Frances_E_Willard_House,_1730_Chicago_Avenue,_Evanston_(Cook_County,_Illinois)

Evanston, Ill.

Frances Willard home
“Rest Cottage”
1730 Chicago Avenue

Frances Willard (1839-1898) left her hometown in Wisconsin to attend Evanston College for Ladies. After a teaching career at various women’s colleges, she became president of her alma mater in 1871 and then dean of women at Northwestern University when the schools merged two years later. In 1874, with the founding of the Women’s Christian Temperance Union, Willard resigned from her post to become the WCTU’s corresponding secretary. Five years later, as WCTU president, she led a national movement for “Home Protection.” Her temperance campaign was a direct reaction against the violence (both physical and emotional) perpetrated on women and children by alcohol-abusing men, and it eventually led to the enactment of Prohibition in 1919.

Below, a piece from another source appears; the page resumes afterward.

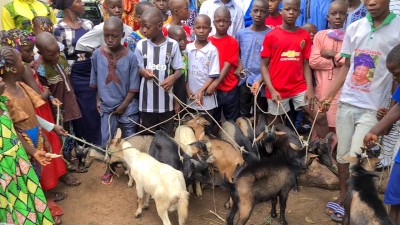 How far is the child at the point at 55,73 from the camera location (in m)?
4.66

In her autobiography, Glimpses of Fifty Years, Willard included a chapter titled “Companionships,” in which she outlined her passionate friendships with women over the years. One was with a woman in Evanston she calls “Mary B., for whom my attachment was so great that when she properly preferred my brother… the loss of her was nothing less than a bereavement, a piteous sorrow for a year or more, as my journals testify, one of the keenest of my life.” She referred to her relationships with women as “attachments, so much less restful than friendships.”

For 33 years, Willard’s live-in private secretary was Anna Gordon, also a devoted temperance worker. Willard called Gordon “the rarest of intimate friends” and by the pet name “Little Heart’s-ease.” Gordon stayed on in the house after Willard’s death, becoming president of the WCTU herself in 1914.

Willard and Gordon’s restored home in Evanston, a National Historic Landmark, is open to the public, appearing much as it did when they lived there. On exhibit are many memorabilia of Willard’s years as a temperance warrior.

Arzner

Los Angeles, Calif.

Dorothy Arzner/Marion Morgan home
2249 Mountain Oak Drive

While doing research for a study of film director Dorothy Arzner (ca. 1900-1979), professor Judith Mayne discovered boxes of material relating to Arzner in the UCLA research collection. Inside one box was a photograph of the atrium of Arzner’s opulent home in the Hollywood Hills, with an annotation in the director’s own writing: “Home of Marion Morgan and Dorothy Arzner/1930-1951.” “That moment of discovery was thrilling,” Maybe later wrote in Directed by Dorothy Arzner, “for here was evidence of a home and a life shared by two women.”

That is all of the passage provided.